4. Customer’s Obligations in relation to the operation of the Platform
4.1 Without prejudice to all other obligations under the Agreement, the Customer undertakes to perform the following obligations in relation to the operation of the Platform and the Mobile Application:
4.1.1 Each month, Customer must ensure that Customer’s Paynest Wallet has enough funds to cover the aggregate value of the Earned Wage and Earned Bonus;
4.1.2 As soon as reasonably practicable, give Software Provider notice if it has a good reason to believe that (a) the Employment Agreement will be terminated or suspended for any reason; or (b) an Enrolled Employee’s salary date and/or circumstances will change in a way that will or might reduce their Net Salary; (c) an Enrolled Employee has requested a leave of absence; or (d) it becomes aware of any other fact or matter that will or might affect Software Provider’s ability to process payments for an Enrolled Employee;
4.1.3 Take all reasonable steps to prevent unauthorized access to and/or use of the Platform, and tell Software Provider immediately if it becomes aware that unauthorized access and/or use has or might have occurred;
4.1.4 (if it gives notice under paragraph 4.1.5), tell the Enrolled Employees that it has done so; and
4.1.5 Ensure that the Enrolled Employees will use the Mobile Application in accordance with the Agreement.
5. Invoicing and Payments
5.1 Services Fees. Customer will pay to the Software Provider the Services Fees for the provision of the Services. The Software Provider will issue the respective invoice on the 5th of the following month and Customer shall be deducted of invoice amount directly from the Paynest Wallet.. Without prejudice of clause 5.7. below, Software Provider will issue the invoices for the Services Fees regarding all Enrolled Employees covered by the Agreement, with at least the Minimum Aggregate Enrolled Employees.
5.2 Transaction Fees. Software Provider shall deduct Transaction Fees directly from the withdrawn amount (Earned Wage/ Earned Bonus Payment) of the Enrolled Employee in accordance with Clause 3.1.2.
5.3 Expense Reimbursements. Customer shall reimburse Software Provider for traveling and out-of-pocket expenses incurred by its personnel solely to the extent traveling is necessary for the performance of the Services and if previously agreed in writing between Customer and Software Provider.
5.4 Taxes. All amounts payable by Customer to Software Provider under this Agreement exclude any taxes, withholding taxes, value added taxes, levies and duties that may be imposed upon Customer’s payments under Applicable Law, save only for taxes arising from Software Provider's net income. All sums payable under this Agreement shall be paid in full and without any deductions (for items such as income, corporation, or other taxes, charges and/or duties), except where the Customer is required by law to deduct withholding tax from sums payable to Software Provider, in which case Customer shall pay to Software Provider such additional amount (along with the payment to which the withholding or deduction relates) in order to ensure that Software Provider receives the same total amount that it would have received if no such withholding or deduction had been required.

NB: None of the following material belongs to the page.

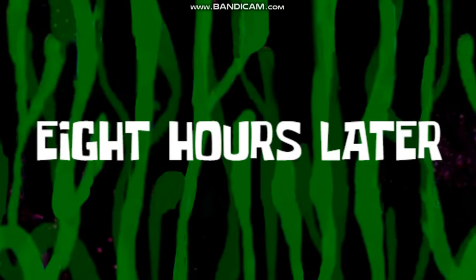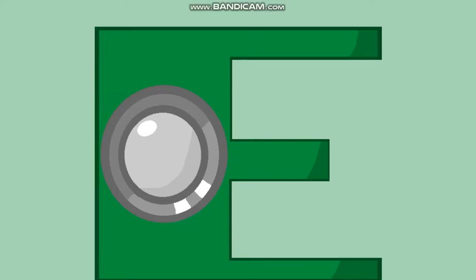8 hours later. Alrighty then, time's up. Contestants, let me see your 8s.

5.5 Nonpayment. If Customer fails to pay Software Provider, as per the present clause and clause 13.2, Software Provider reserves the right to either (a) suspend the performance of any or all of its obligations and the provision of the Services under this Agreement, until all due and payable amounts are paid in full, or (b) terminate, immediately, this Agreement as per Section 13.
5.6 Other Terms. (a) All invoices issued by Software Provider shall be sent to the designated Customer's address or e-mail address. (b) All fees and other amounts paid by Customer under this Agreement are non-refundable. (c) All amounts referred to in this Agreement are in Euros.

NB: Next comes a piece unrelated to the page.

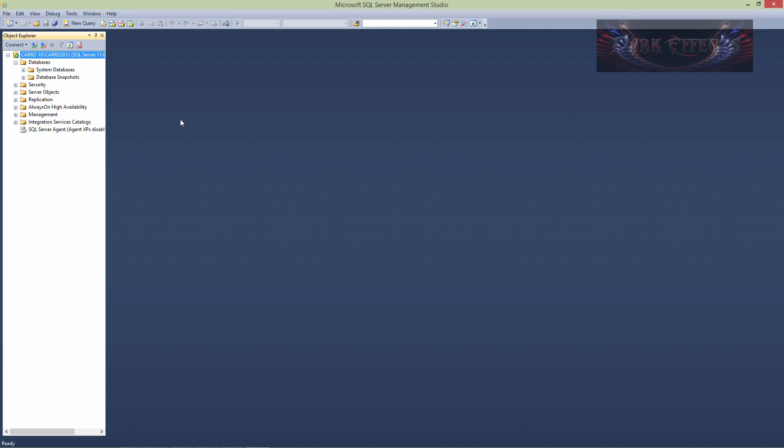As you can see, we can connect, so now we can just come in here and we can create databases and do whatever else that we need to do. Wayne Barron here with DarkFX.net inside of Windows 10 with Microsoft SQL Server 2012. All right, y'all have a good one now, bye bye.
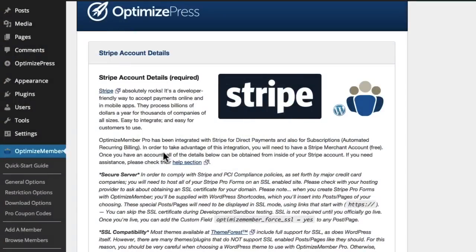One of the new features we added into OptimizePress was the Stripe integration built into Optimize Member. Optimize Member is the membership plugin, part of OptimizePress, and Stripe now allows you to take credit card payments for your sites.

6. Software Provider’s Warranties
6.1 Software Provider’s No Infringement. Software Provider warrants to Customer that (a) it has all rights necessary to grant to Customer access to the Platform, (b) the Platform, as and when Customer gets access to it on the Cloud Environment by Software Provider and if properly used for the purposes and in the manner specifically authorized by this Agreement, does not infringe any patent, copyright, trade secret or other proprietary right of any Person.

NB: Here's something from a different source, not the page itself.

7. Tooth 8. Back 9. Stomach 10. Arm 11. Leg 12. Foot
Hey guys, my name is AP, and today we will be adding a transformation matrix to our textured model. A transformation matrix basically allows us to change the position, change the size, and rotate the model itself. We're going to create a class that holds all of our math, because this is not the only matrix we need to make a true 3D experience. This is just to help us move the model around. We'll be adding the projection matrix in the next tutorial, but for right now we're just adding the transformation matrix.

6.2 The warranties set out in this Section are the entire and exclusive warranties made by Software Provider with respect to the Software and any related services or matters pertaining to this Agreement. To the maximum extent permitted by law, all other warranties and representations (including any warranty of merchantability, satisfactory quality and fitness for any particular purpose), whether express or implied, are excluded.
7. Software Provider’s Indemnity
7.1 Software Provider shall undertake the legal representation of the Customer in relation to, and indemnify Customer against all liabilities, costs, expenses, damages and losses suffered or incurred by the Customer arising out of legal proceedings that are initiated by a third-party in relation to the actual or alleged infringement of a third party's intellectual property rights in violation of the warranties in Section 6.1 (hereinafter, “Third-Party IPR Claim against Customer”). In such a case, Software Provider retains the absolute discretion to determine the strategy which Customer shall adopt in any relevant judicial proceedings, including the right to dispose of a Third-Party IPR Claim against Customer by entering into binding settlement agreements.
7.2 If any Third-Party IPR Claim against Customer is initiated, or is likely to be initiated, then Software Provider shall have the right to proceed to the following remedies, in the following order of priority, which shall be superseded only if the action described in 6.2.1, and then the action described in 6.2.2 are objectively impracticable or the infringement cannot be remedied as a result thereof:
7.2.1 modify or replace part(s) of the Platform in order to remedy and cease any infringements upon the rights of third-parties, provided that the Platform functionality does not change in any material respect;
7.2.2 acquire on the Customer’s behalf the right to continue using the infringing part of the Platform;
7.2.3 remove all, or part thereof, of the Platform that infringes upon third-party rights, and refund Customer with the portion of the Services Fees paid following the filing of the Third-Party IPR Claim against Customer.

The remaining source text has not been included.